[DATA Boundary: Start]

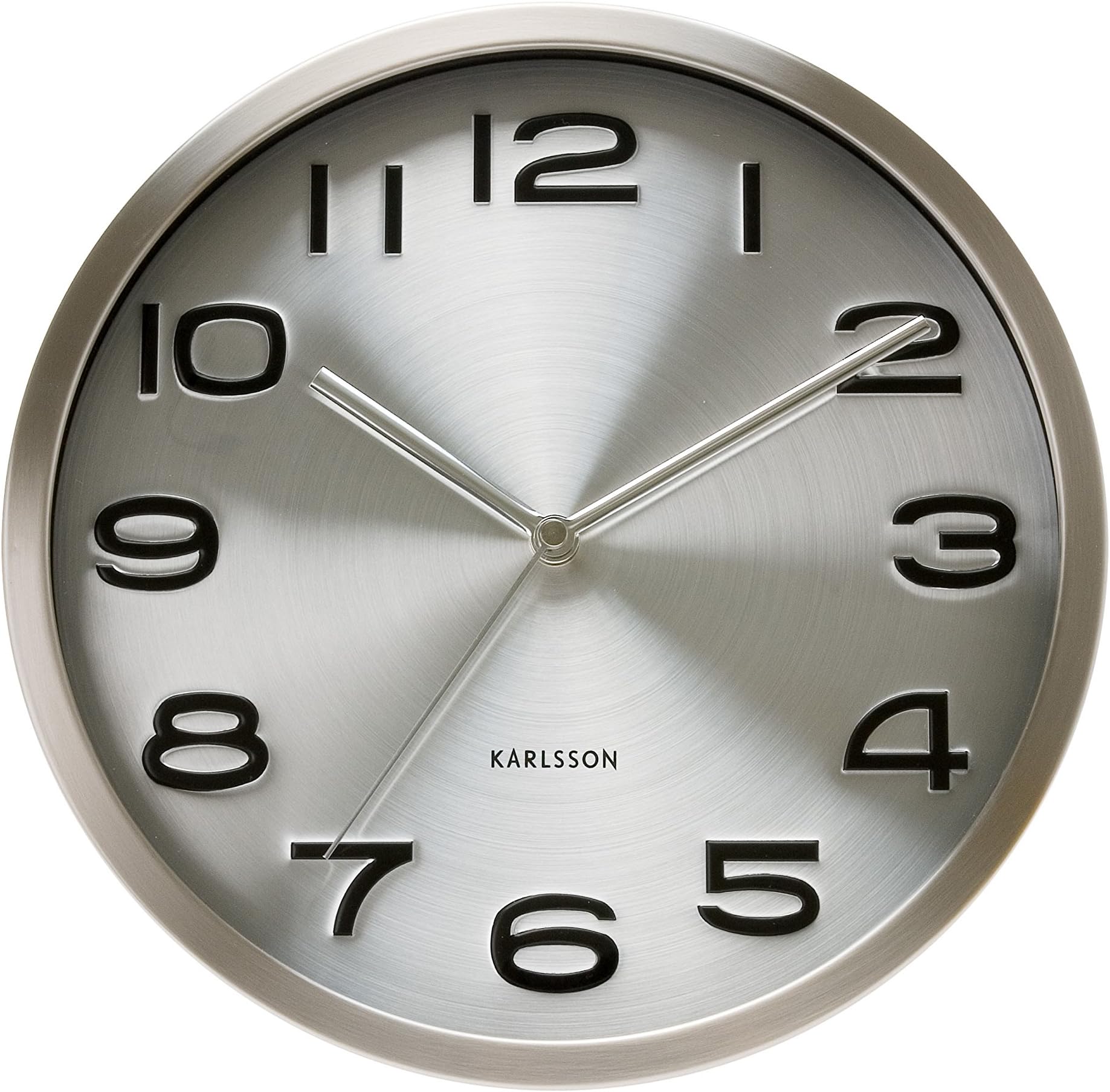 KARLSSON Maxie Design Steel Wall Clock Silver, ร29cm, 29cm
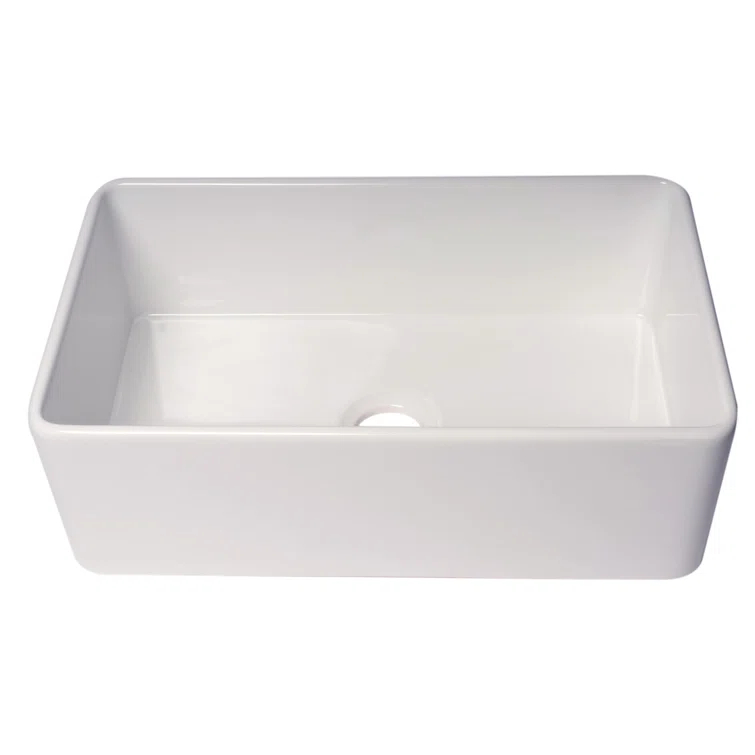 30'' L Farmhouse / Apron Single Bowl Fireclay Kitchen Sink
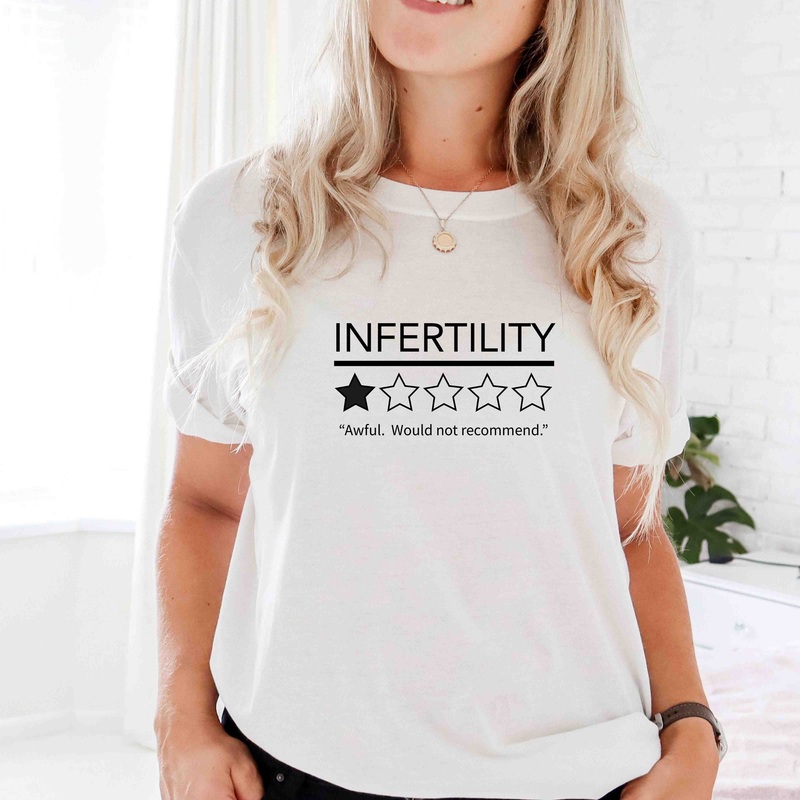 Infertility Adult Graphic Tee | White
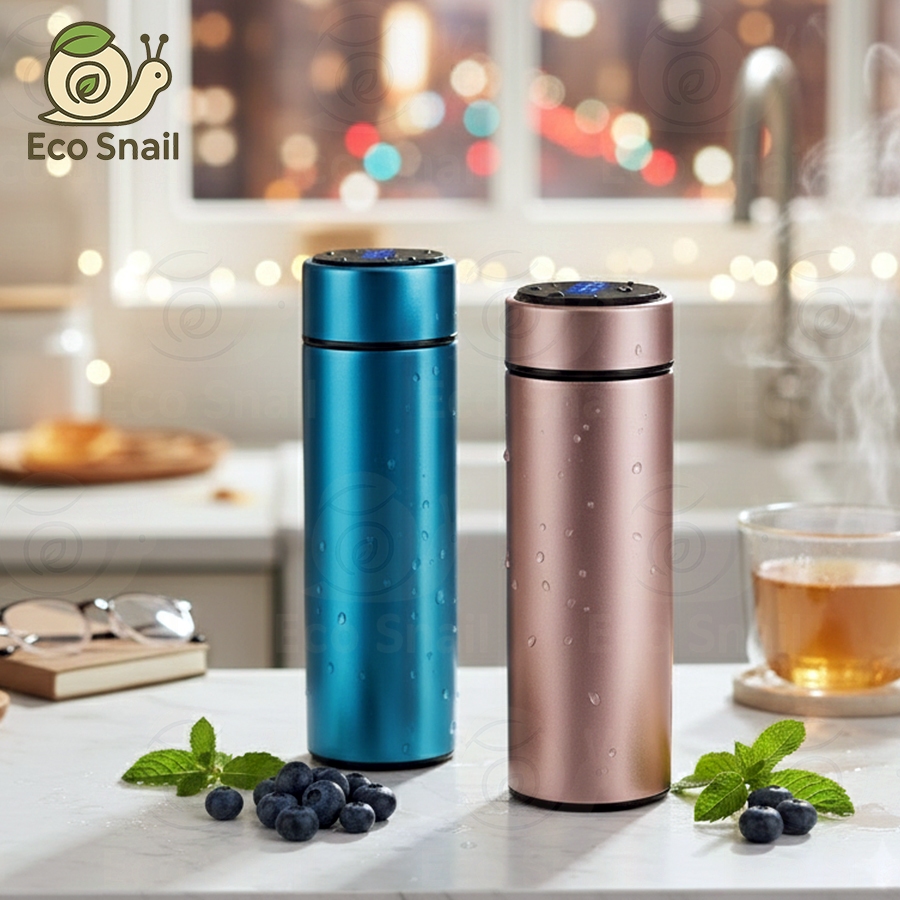 Eco Snail SMART LED THERMOS BOTTLE 智能 LED 保温杯
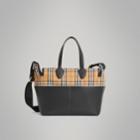 Burberry Burberry Vintage Check And Leather Baby Changing Tote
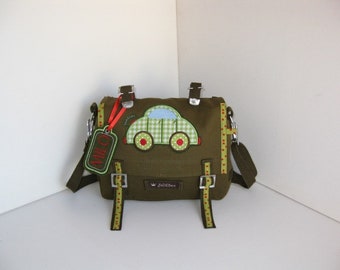 Car bag olive/light green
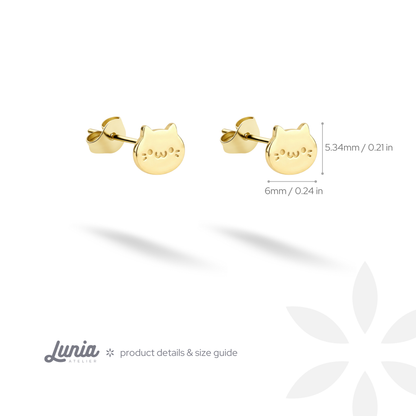 The kitten silhouette spans 6.0 mm horizontally and rises 5.341 mm in the dimension diagram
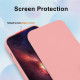For Samsung Galaxy A07 4G Case Precise Camera Cutouts Soft TPU Shockproof Phone Cover - Pink Samsung Cases Mobile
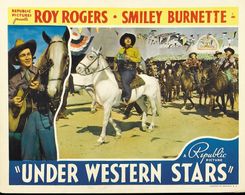 Roy Rogers, Smiley Burnette, Trigger, Maple City Four, Art Janes, Al Rice, Fritz Meissner, and Pat Petterson in Under We
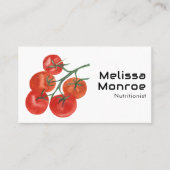 Tomaten Wasserfarbe Gesunder Koch Soziale Symbole Visitenkarte (Vorderseite)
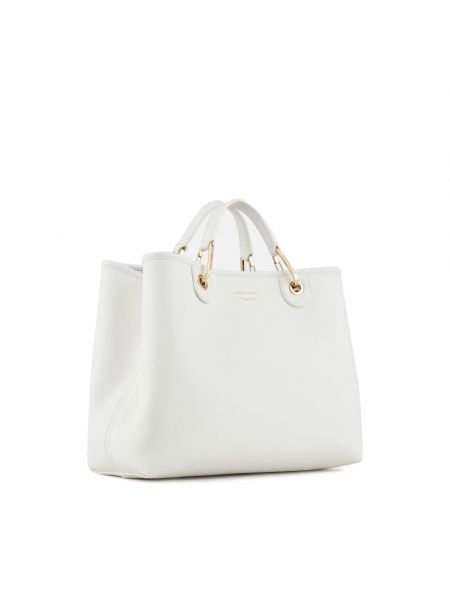Shopper handtasche mit taschen Emporio Armani weiß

[DATA Boundary: End]

*PROBLEM DESCRIPTION*:
Could you retype exactly, and only, the lines running from the one with "Infertility Adult Graphic Tee | White" to the last line of the listing, while leaving any pictures out?

*PROBLEM SOLUTION*:
 Infertility Adult Graphic Tee | White
 Eco Snail SMART LED THERMOS BOTTLE 智能 LED 保温杯
 Burberry Burberry Vintage Check And Leather Baby Changing Tote
 Car bag olive/light green
 The kitten silhouette spans 6.0 mm horizontally and rises 5.341 mm in the dimension diagram
For Samsung Galaxy A07 4G Case Precise Camera Cutouts Soft TPU Shockproof Phone Cover - Pink Samsung Cases Mobile
 Roy Rogers, Smiley Burnette, Trigger, Maple City Four, Art Janes, Al Rice, Fritz Meissner, and Pat Petterson in Under We
 Tomaten Wasserfarbe Gesunder Koch Soziale Symbole Visitenkarte (Vorderseite)
Shopper handtasche mit taschen Emporio Armani weiß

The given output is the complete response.